By Celia McGuinness. She is managing attorney at the Law Office of Paul Rein, a small firm practicing disability rights law in Oakland.
Trial attorneys need to be adept at telling jurors a story, but they also must make jurors understand a case intuitively and emotionally. That can be particularly difficult when the case involves lots of technical concepts or documents. And the more difficult it is to grasp the facts or framework of a case, the less time and energy jurors have left over to understand and adopt a narrative.
Constantly improving courtroom technologies help attorneys overcome this challenge and present concepts and conclusions more effectively. Apps and other technologies are changing even the kinds of ideas lawyers can convey and the variety of ways they can appeal to jurors. A concept or mechanical feature that once might have taken several minutes or even hours to digest using words and static drawings now may take a judge or juror only a second to absorb from animated graphics. These also can depict complicated relationships among parties or describe a highly elaborate process, such as the hoops that inventors must jump through to get a patent.
“Different jurors absorb and retain information differently. If you have something for the visual learner, the aural learner, and the kinesthetic learner, you have maximized your opportunity to persuade,” says Miles Cooper, a personal injury trial attorney in San Francisco.
Attorneys can create some visuals themselves using commonly available technology such as photography and video, of course. The simplest tool for showing an image to a jury may be the Elmo Visual Presenter, essentially an overhead projector with video capability. An attorney also can place a three-dimensional model on the Elmo’s viewing panel and move it around so jurors can see it “up close” from various angles without actually handling it. Most trial consultants consider Elmo a utilitarian backup to newer trial presentation software.
New animation software is much more powerful for attorneys than the circles and lines and “dissolves” of a PowerPoint presentation. You may need to hire a graphic designer, but the potential is limited only by your imagination. Cooper has commissioned simple animations, such as enhancing an MRI of a spinal herniation with coloration so it’s easier to see. He has used complex animation to show a surgical procedure. A graphic designer can also take a complicated image, such as a map, and remove some details and enhance others in order to emphasize the salient aspects of a location.
Working on an employment disability discrimination case, trial graphics consultant Debra Murov created an animation of a highway traversing rolling hills to illustrate all the opportunities an employer had – and missed – to end its discrimination against the plaintiff. During closing argument, her client, the plaintiff’s counsel, used the animation to demonstrate how many times the employer made bad choices, pointing to exit signs that popped up along the road with labels such as “Failure to engage in the interactive process.”
“Instead of just hearing the attorney list each violation, the jury got to watch them pop up and anticipate what the next one would be. It kept them highly attentive,” says Murov. (View the animation on her website at www.envisionlit.com.)
Graphics and animation used demonstratively are admissible under state and federal law. In a case involving the fatal shooting of a police officer, the California Supreme Court found that, with the appropriate foundation, animation is proper demonstrative evidence and not inherently prejudicial, despite its potentially powerful effect upon a jury. The defendant had objected to a crime-scene re-creation that was intended to show the location and order of shots fired; the court ruled it was admissible because it accurately represented the expert’s opinion. (See People v. Duenas, 55 Cal. 4th 1 (2012).)
Of course, basic presentation software like PowerPoint and its Apple analogue, Keynote, can be used to create time lines, organizational charts, and even simple animated dissolves, where words and images fade in and out or move across the screen. And PowerPoint is now available as an app for tablets.
But attorneys and consultants agree that visuals should serve a narrative and not be used for their own sake. That means the best tool of all is sometimes an old-fashioned marker on a giant pad of paper.
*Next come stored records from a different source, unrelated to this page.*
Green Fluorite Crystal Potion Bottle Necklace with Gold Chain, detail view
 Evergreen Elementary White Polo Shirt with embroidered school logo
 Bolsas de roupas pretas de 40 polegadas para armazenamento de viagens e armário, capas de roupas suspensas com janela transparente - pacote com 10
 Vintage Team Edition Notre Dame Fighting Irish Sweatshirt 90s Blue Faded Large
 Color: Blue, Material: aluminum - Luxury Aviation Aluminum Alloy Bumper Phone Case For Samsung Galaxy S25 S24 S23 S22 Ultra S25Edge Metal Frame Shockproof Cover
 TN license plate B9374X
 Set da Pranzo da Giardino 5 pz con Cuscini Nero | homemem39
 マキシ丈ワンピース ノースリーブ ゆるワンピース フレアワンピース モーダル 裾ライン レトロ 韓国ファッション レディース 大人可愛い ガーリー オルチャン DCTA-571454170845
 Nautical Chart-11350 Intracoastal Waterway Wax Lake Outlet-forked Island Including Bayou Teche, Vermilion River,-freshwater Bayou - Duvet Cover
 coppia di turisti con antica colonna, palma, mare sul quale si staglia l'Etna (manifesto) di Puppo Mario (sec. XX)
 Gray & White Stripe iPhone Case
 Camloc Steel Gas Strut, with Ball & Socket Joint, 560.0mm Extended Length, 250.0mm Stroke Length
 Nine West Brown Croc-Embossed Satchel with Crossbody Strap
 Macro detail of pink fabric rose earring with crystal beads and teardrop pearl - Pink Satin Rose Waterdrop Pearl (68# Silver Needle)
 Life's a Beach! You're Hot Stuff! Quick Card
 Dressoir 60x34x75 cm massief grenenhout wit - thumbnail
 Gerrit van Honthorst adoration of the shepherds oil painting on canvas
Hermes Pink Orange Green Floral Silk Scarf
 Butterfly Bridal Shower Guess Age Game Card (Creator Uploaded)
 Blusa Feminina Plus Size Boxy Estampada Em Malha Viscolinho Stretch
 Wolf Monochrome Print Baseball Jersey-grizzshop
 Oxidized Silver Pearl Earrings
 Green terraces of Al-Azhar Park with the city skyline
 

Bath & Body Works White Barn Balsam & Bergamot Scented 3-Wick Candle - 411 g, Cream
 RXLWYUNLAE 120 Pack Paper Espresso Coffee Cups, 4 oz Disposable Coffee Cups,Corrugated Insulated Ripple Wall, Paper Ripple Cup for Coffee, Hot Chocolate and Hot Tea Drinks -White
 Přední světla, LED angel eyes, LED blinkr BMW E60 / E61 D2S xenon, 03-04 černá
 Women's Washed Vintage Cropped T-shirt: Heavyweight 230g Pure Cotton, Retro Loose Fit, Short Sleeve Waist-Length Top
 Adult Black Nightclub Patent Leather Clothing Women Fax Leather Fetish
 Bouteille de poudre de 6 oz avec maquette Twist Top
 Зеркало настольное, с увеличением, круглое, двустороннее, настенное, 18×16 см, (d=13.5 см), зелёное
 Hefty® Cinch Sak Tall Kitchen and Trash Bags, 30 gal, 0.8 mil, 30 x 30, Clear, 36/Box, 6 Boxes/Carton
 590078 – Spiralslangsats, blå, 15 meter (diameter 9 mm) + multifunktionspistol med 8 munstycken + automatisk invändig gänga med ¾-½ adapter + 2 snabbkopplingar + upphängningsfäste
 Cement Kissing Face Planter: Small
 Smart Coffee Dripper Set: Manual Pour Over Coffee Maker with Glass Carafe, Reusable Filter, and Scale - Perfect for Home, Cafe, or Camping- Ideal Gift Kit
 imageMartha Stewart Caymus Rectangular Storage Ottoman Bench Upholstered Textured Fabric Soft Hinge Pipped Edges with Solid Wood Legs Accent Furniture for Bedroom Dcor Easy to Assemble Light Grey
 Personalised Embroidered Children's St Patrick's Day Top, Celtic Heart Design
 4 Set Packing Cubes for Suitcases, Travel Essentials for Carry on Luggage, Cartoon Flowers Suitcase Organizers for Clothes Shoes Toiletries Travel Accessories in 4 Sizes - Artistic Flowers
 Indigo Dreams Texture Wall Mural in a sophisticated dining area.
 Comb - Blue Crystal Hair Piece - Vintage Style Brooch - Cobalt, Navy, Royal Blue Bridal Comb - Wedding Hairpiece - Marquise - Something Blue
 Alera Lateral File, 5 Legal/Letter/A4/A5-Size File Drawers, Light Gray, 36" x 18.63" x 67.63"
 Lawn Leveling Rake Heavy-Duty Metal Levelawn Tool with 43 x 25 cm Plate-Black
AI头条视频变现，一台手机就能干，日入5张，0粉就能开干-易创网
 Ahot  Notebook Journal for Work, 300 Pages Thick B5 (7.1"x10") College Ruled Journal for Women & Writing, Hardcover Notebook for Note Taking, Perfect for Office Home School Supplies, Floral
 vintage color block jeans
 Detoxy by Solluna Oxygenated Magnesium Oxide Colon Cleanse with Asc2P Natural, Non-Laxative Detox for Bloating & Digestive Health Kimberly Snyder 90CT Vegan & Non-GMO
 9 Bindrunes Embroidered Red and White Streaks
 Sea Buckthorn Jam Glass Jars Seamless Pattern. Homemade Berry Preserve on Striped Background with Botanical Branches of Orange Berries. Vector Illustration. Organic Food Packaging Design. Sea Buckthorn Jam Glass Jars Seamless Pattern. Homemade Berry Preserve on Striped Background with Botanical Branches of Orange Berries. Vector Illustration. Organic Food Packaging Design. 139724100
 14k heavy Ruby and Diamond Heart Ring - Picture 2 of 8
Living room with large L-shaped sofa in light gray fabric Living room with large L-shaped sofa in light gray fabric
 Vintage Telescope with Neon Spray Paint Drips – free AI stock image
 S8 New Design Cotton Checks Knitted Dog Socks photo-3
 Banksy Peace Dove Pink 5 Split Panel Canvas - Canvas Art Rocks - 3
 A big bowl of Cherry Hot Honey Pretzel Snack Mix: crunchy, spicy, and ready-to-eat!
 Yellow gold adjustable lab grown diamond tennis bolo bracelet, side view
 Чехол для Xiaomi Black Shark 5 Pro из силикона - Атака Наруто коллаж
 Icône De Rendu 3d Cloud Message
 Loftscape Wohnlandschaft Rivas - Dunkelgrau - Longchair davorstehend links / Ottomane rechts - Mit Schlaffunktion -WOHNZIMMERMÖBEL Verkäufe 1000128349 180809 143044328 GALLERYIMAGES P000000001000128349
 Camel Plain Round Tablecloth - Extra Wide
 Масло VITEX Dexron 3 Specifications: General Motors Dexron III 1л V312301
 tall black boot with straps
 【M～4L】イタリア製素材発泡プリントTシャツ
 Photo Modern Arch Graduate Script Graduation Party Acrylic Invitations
“One very effective closing I heard about from several other attorneys was by my partner, Jean Hyams, in an employment discrimination case,” says plaintiffs attorney Leslie Levy of Oakland. “[Hyams] had the employer’s policy blown up on a piece of foam core on an easel. Then, during her argument she took a black marker to it.” The vigor of her movement and the graphic elimination of whole sections of text that the employer had ignored conveyed a powerful image without any software at all.
Levy cautions that exhibits involving technology must have a specific point, just like every other element of a trial, and they won’t succeed if they look gimmicky. “I like that we are using tech. [But] we should use it when it makes it better for the trier of fact. Don’t use it just because it’s there.”
Above all, attorneys should take time well in advance of a trial to begin preparing demonstrative evidence. “Even a simple time line takes time to plan and edit. It should be worked out hand-in-hand with your opening statement,” says litigation graphics consultant Michael Kelleher, a partner at Cogent Legal in Oakland.